> **WHAT TO PRODUCE**
Omit the pictures, then reproduce every remaining record exactly.
◆ ◆ ◆ ◆ ◆
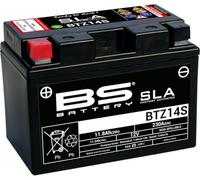 Batterie BS BATTERY SLA BTZ14S 12V 11.2 Ah CCA/EN 230 YTZ14S Déjà Activée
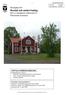 Detaljplan för Bostad och undervisning Del av fastigheten Odensala 8:1 Östersunds kommun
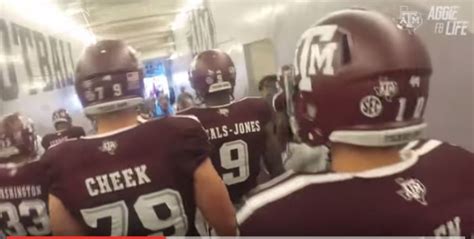 Video of the Day - Texas A&M stadium entrance 2015. - Footballscoop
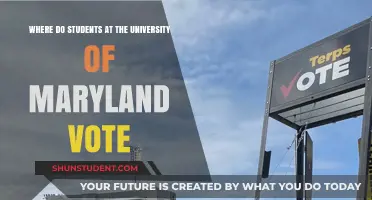 UMD Students: Where Do They Cast Their Ballots?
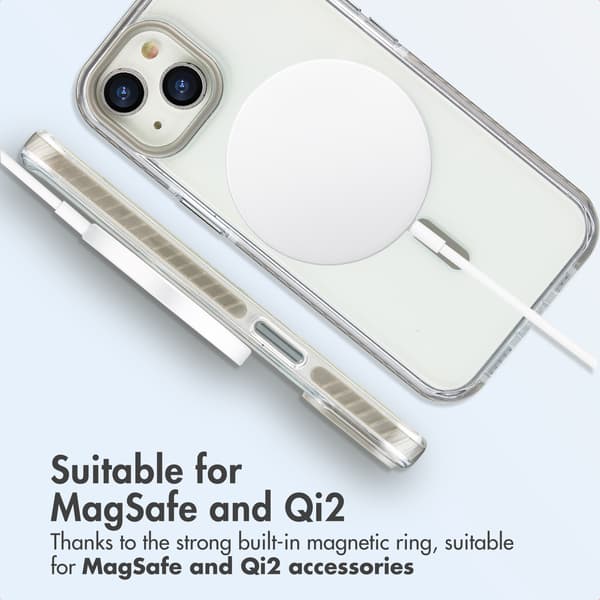imoshion Combat MagSafe Baksida för Apple iPhone 14 / 13 - Grå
◆ ◆ ◆ ◆ ◆
> **TASK SOLUTION**
 Batterie BS BATTERY SLA BTZ14S 12V 11.2 Ah CCA/EN 230 YTZ14S Déjà Activée
 Detaljplan för Bostad och undervisning Del av fastigheten Odensala 8:1 Östersunds kommun
 Video of the Day - Texas A&M stadium entrance 2015. - Footballscoop
 UMD Students: Where Do They Cast Their Ballots?
imoshion Combat MagSafe Baksida för Apple iPhone 14 / 13 - Grå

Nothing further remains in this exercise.